Find the line containing "Loic Remy swaps" in the entries below. Restate it and each line after it, word for word, up to and including the line containing "Building Photo - Spacious".

######

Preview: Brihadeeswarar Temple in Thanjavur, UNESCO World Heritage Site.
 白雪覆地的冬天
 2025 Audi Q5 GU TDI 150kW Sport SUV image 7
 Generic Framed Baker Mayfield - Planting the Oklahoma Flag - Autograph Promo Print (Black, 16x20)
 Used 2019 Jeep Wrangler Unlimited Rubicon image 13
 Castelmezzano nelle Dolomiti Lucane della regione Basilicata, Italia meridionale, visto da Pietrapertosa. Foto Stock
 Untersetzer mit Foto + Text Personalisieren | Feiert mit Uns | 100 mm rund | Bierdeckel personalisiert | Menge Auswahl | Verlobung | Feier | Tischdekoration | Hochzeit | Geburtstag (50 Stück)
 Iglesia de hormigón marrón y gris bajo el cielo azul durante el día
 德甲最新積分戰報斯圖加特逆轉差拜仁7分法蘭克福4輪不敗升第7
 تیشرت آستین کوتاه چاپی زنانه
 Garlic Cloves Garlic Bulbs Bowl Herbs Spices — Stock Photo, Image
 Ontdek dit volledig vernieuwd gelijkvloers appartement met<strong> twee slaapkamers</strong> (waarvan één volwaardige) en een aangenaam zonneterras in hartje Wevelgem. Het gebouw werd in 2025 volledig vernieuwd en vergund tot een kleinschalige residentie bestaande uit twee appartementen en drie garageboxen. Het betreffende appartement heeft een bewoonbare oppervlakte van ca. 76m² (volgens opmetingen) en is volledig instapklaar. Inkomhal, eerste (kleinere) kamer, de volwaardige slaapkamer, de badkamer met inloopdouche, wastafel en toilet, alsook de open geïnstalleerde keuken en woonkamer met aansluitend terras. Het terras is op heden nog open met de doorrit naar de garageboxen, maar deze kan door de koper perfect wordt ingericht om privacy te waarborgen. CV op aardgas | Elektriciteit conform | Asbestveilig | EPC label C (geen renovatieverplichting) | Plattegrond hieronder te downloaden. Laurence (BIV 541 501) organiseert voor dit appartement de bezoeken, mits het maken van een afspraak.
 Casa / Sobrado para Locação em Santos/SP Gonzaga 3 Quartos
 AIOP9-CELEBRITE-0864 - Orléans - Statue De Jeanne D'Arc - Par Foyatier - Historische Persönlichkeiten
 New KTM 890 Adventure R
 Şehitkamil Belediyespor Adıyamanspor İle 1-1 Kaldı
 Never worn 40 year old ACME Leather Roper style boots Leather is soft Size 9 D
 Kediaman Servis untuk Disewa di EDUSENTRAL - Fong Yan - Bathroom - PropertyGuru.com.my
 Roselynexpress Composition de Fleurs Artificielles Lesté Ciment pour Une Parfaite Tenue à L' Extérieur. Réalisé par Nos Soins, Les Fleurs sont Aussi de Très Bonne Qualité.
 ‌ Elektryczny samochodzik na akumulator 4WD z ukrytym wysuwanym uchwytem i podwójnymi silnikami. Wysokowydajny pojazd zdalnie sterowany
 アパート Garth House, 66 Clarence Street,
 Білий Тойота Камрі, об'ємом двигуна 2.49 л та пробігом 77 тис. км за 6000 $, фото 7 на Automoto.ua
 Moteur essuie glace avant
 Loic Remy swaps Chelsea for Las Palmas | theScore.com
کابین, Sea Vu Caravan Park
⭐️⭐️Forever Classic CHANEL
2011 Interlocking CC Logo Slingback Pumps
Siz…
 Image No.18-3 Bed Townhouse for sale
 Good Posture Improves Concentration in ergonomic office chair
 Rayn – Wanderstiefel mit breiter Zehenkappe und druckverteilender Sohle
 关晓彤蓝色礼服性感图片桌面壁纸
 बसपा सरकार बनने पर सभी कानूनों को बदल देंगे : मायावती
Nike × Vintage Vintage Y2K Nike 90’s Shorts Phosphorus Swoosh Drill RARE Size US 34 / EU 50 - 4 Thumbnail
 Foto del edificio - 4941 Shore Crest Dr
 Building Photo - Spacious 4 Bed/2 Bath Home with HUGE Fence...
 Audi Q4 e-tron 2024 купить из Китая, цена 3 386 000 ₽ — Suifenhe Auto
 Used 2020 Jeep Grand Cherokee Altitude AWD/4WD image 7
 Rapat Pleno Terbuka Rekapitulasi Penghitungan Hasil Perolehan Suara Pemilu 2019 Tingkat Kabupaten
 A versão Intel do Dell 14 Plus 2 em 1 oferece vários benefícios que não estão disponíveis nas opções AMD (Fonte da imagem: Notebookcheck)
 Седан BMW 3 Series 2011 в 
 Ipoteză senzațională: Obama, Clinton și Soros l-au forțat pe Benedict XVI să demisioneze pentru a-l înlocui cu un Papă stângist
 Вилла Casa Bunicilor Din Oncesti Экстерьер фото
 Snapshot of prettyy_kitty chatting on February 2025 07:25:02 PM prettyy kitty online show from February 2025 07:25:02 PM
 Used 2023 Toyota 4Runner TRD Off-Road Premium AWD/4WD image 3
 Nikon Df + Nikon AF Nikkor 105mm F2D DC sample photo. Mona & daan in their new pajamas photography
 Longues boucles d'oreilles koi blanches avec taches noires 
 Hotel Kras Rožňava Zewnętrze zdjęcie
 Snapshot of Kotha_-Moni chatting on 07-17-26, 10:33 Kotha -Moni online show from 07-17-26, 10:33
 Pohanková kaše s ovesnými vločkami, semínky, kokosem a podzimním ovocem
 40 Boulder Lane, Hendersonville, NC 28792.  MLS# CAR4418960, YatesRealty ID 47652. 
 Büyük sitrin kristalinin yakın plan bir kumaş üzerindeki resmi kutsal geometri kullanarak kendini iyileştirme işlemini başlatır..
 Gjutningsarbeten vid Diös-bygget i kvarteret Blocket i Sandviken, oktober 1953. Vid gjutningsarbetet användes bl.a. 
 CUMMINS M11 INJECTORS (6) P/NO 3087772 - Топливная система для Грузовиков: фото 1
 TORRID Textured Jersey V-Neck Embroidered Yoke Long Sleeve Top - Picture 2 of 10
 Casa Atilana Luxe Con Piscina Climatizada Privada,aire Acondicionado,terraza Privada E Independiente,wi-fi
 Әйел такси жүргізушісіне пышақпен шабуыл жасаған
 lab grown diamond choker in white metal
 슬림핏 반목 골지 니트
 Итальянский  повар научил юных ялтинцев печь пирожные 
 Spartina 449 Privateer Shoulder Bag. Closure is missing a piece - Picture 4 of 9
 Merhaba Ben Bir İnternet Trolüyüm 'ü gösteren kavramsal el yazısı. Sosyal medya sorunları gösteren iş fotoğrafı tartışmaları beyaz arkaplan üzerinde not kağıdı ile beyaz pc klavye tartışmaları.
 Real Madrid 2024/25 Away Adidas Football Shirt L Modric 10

######

(Answer section)
 Loic Remy swaps Chelsea for Las Palmas | theScore.com
کابین, Sea Vu Caravan Park
⭐️⭐️Forever Classic CHANEL
2011 Interlocking CC Logo Slingback Pumps
Siz…
 Image No.18-3 Bed Townhouse for sale
 Good Posture Improves Concentration in ergonomic office chair
 Rayn – Wanderstiefel mit breiter Zehenkappe und druckverteilender Sohle
 关晓彤蓝色礼服性感图片桌面壁纸
 बसपा सरकार बनने पर सभी कानूनों को बदल देंगे : मायावती
Nike × Vintage Vintage Y2K Nike 90’s Shorts Phosphorus Swoosh Drill RARE Size US 34 / EU 50 - 4 Thumbnail
 Foto del edificio - 4941 Shore Crest Dr
 Building Photo - Spacious 4 Bed/2 Bath Home with HUGE Fence...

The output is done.